Tek-Tips is the largest IT community on the Internet today!

Members share and learn making Tek-Tips Forums the best source of peer-reviewed technical information on the Internet!

  • Congratulations Mike Lewis on being selected by the Tek-Tips community for having the most helpful posts in the forums last week. Way to Go!

Finding (near) duplicate JPG images 1

Status
Not open for further replies.

kmomberg

MIS
Jul 19, 2002
18
0
0
US
Has anyone come across a program or link to VB source code (preferably no DLL, OCX or temp files used) which can identify duplicate or near duplicate image files? I have already searched the web but find these are mostly shareware programs which do not give me the control over the images. I have numerous JPG files either downloaded from the web or converted from a digital camera which are taking up a large amount of disk space. Before I burn these to CD, I wanted to weed out any duplicates.
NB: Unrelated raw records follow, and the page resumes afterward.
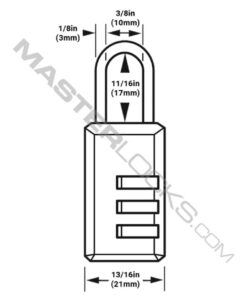 Master Lock Combination Padlock, 1, Black 22 41nVnUxHvVL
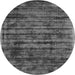 Square Abstract Gray Contemporary Rug, con2941gry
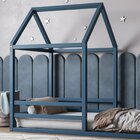 Cama Infantil Casinha Yescasa Escrita Antiga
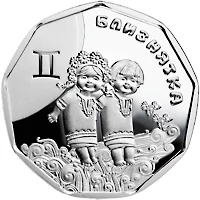 2 ₴ Близнятка Знаки зодіаку 2 ₴ Близнятка Знаки зодіаку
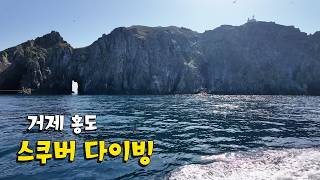 🌊 Scuba diving in Hongdo, Geoje… A whole new world the moment I went under😳 | Korea Scuba Diving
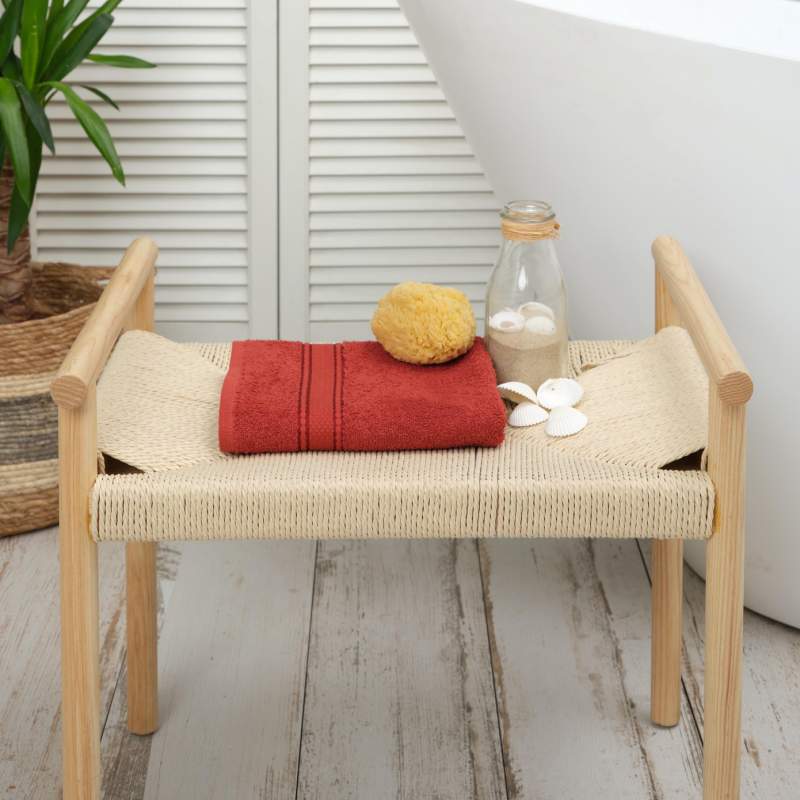 Karaca Home Daily Soft 100% Cotton Face Towel 50x90 cm Red Karaca Home Daily Soft 100% Cotton Face Towel 50x90 cm Red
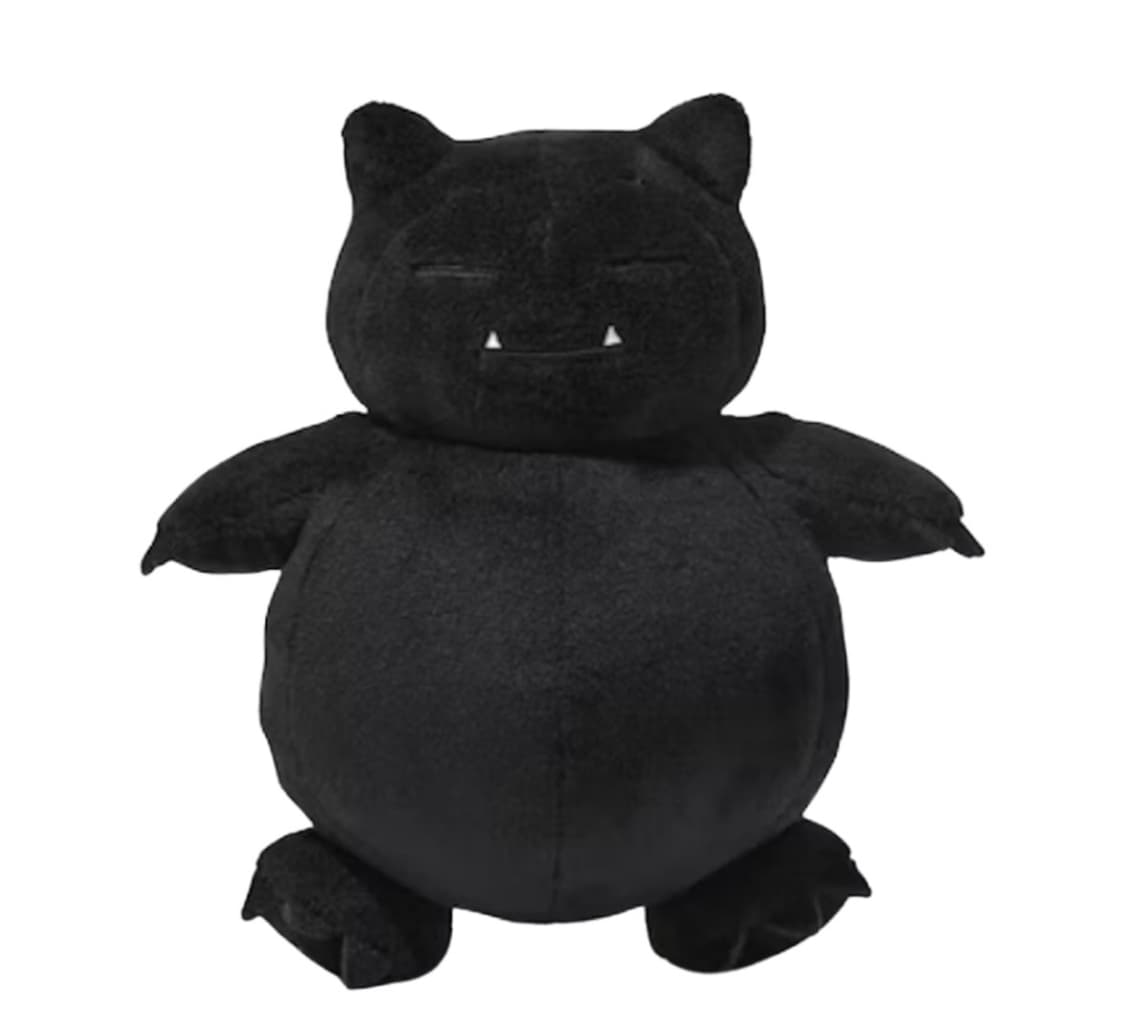 프라그먼트X포켓몬 INN 썬더볼트 프로젝트 잠만보 L 블랙 상품이미지1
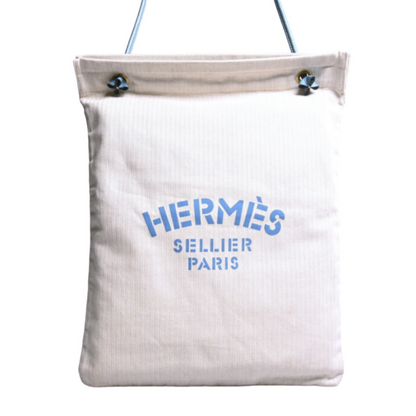 アリーヌGM　トワルシェブロン　アイボリー　ブルージーン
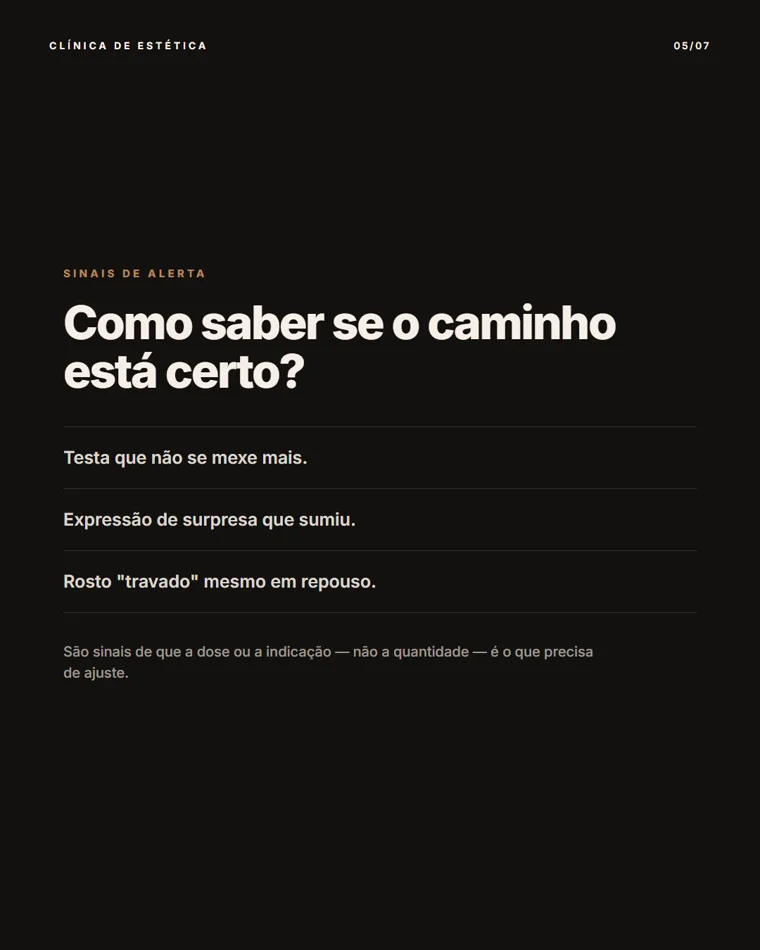Carrossel Botox, slide 5 de 7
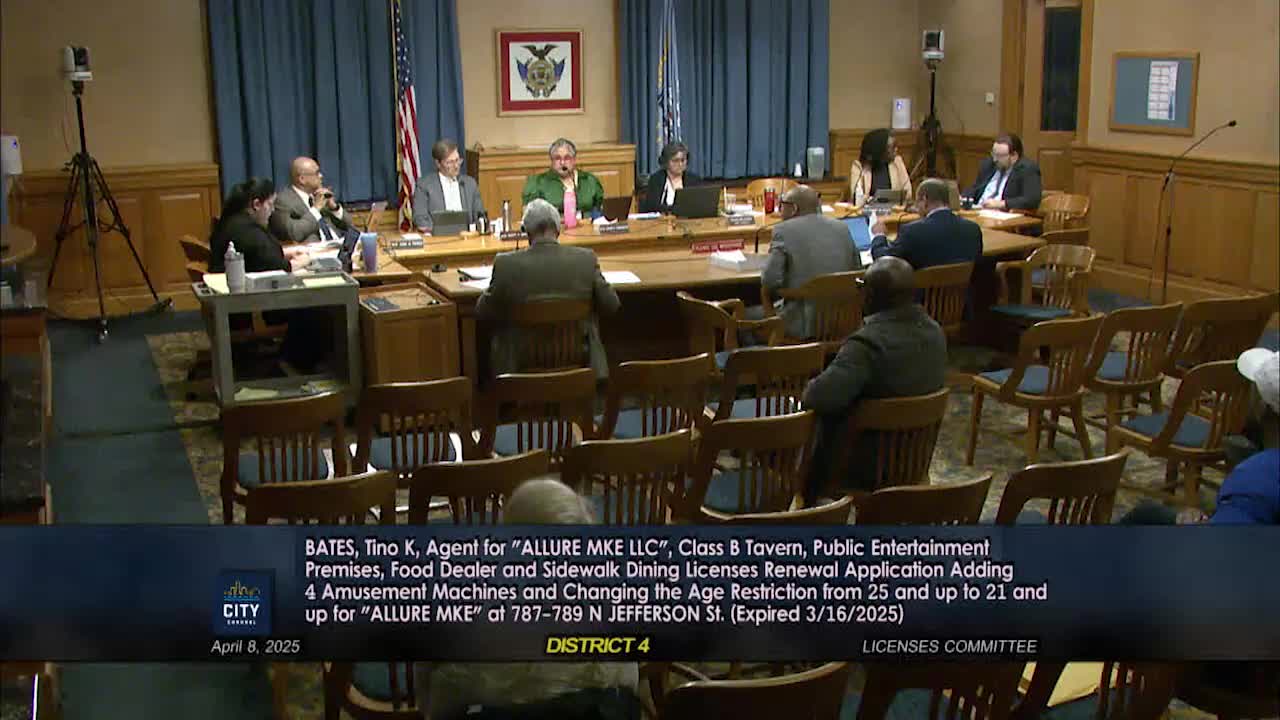 Alderman Bauman queries police report as community members seek to testify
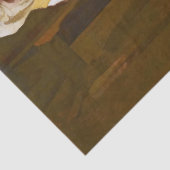 Vermeer - Christus im Haus von Martha und Maria Seidenpapier (Detail)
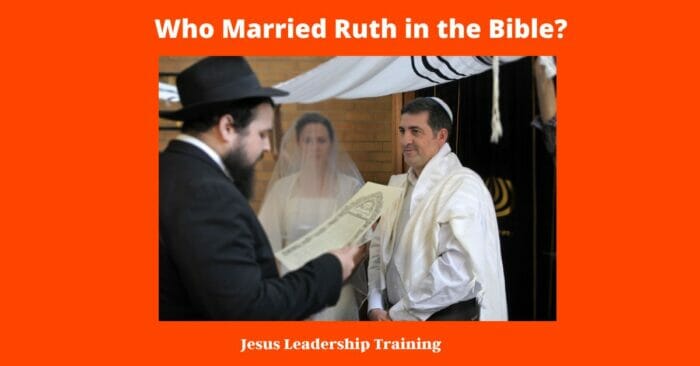 Who Married Ruth in the Bible 2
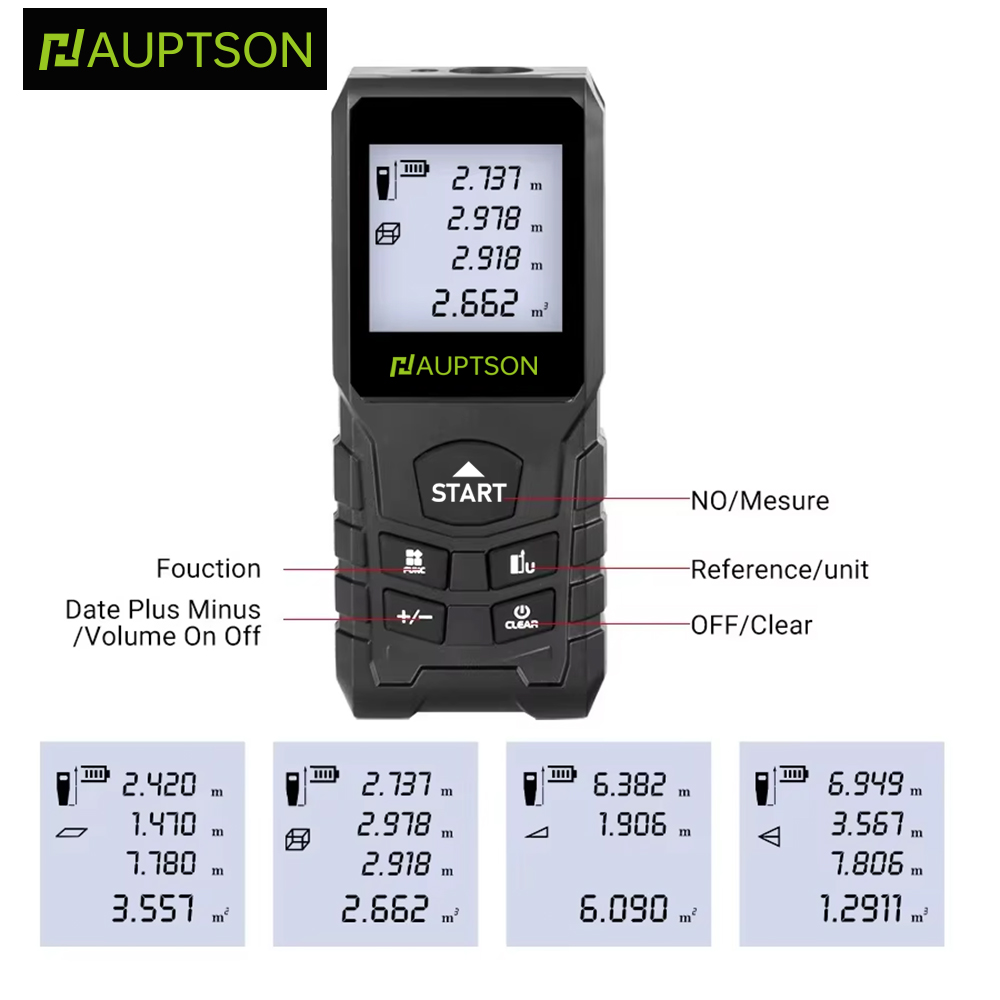 HAUPTSON 70/100M Laser Rangefi - Laser Distance Meter 100M 评论和价格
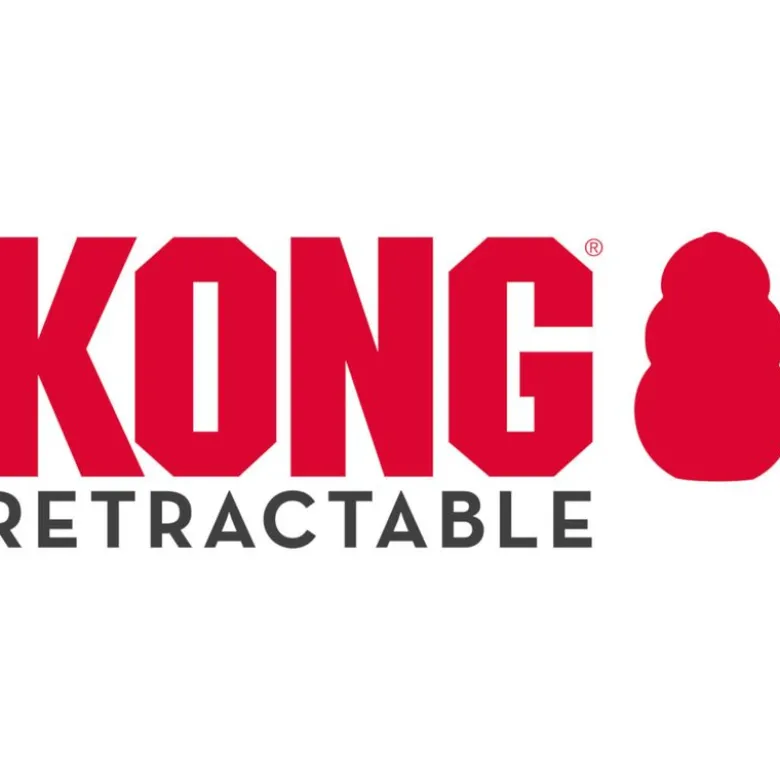 KONG Terrain indtrækkelig snor sort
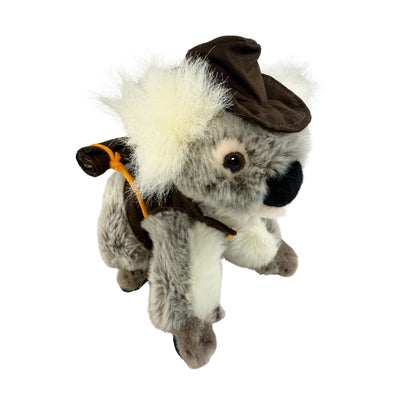 Jack - Koala with swag & hat - 12cm sitting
If duplicates are found, I wanted to take the image with the most colors or higher resolution. I have downloaded Intel's IPP library but have not investigated too deeply on whether this is capable of easily performing this task.
 
I think you will find that this is a lot more difficult than you may think it is.
 
I have no illusion this is a simple undertaking hence the search for source code to get me started. I originally started by just comparing like file sizes then calculating a CRC on the files. Of course, I readily found this ignores similar files (different resolutions, comments in the file, same resolution but different file sizes, annotations on one image but not the other etc). I have looked at the JPG standard but found this is complicated enough in itself with the quantization tables and different block types to consider. Having a shell to work from would allow me to focus on the actual code to handle what to do when duplicates are found.
 
Who cares about the JPEG standard and all that that entails? That's not the difficult bit. The difficult bit is the comparison of two images of potentially different resolutions and different colour depths and trying to decide whether they are similar enough to be considered duplicates. In other words, image recognition.
 

You can get a lot of this information from the Wang/Kodak controls, and one of the ways I can think on how to do this is, you are going to have to have a base reference or common ground that you will have to convert one or both of the images to and then compare them, comming up with some type of, possibly weighted, algorthm.

Good Luck

 
It would seem as though I need to start by disecting an existing JPG image using the JPG standard so I know what the dimensions of the image are, the color depth, if compression is used etc to be able to convert one image into the same characteristics as another so that I can compare them. Certainly this would be much more effort than using a standard control as vb5prgrmr sugggests if the control were flexible enough to perform these manipulations on a large scale. The Wang/Kodak controls may be worth a look. Can you provide a link where I might find these with sample code?
 

With win9x to win 2k they come with the MS OS (.NET your out of luck). With win 95 there was a twain/samples (or something like that) that has a sample program, that showed how to use the controls. If you search this site for Wang/Kodak or imageedit you should find some decent examples. Unfortunatly the Wang/Kodak imaging tools do not allow you to save files as jpg or jpeg even though it allows you to use their compression standards (rename the file maybe???). You can also get some of the information you are looking for with a picture box (being width, height) or an image control, even though the Wang/Kodak controls will give you more info.

Good Luck

 
the problem with comparison of images in any form that are not exactly the same is that you have to decide what your tolerance is. So if you have 2 images of different size and color depth you could bring the larger image to the smaller image’s size with dithering. Then take the larger color depth and reduce it to the lower color depth. Then IF they are both actually the same picture you can start a scan and compare areas with some matrix calculations Like compare groups of pixels on both images within the same area and if they are within tolerance its ok….continue doing this for the whole image and eventually you’ll sum up a tolerance difference between the 2 images. If this is within your tolerance then you can say they may be the same. This whole process gets A LOT harder if the 2 images are slightly different in position such as in the case the smaller image is actually a crop of the larger image.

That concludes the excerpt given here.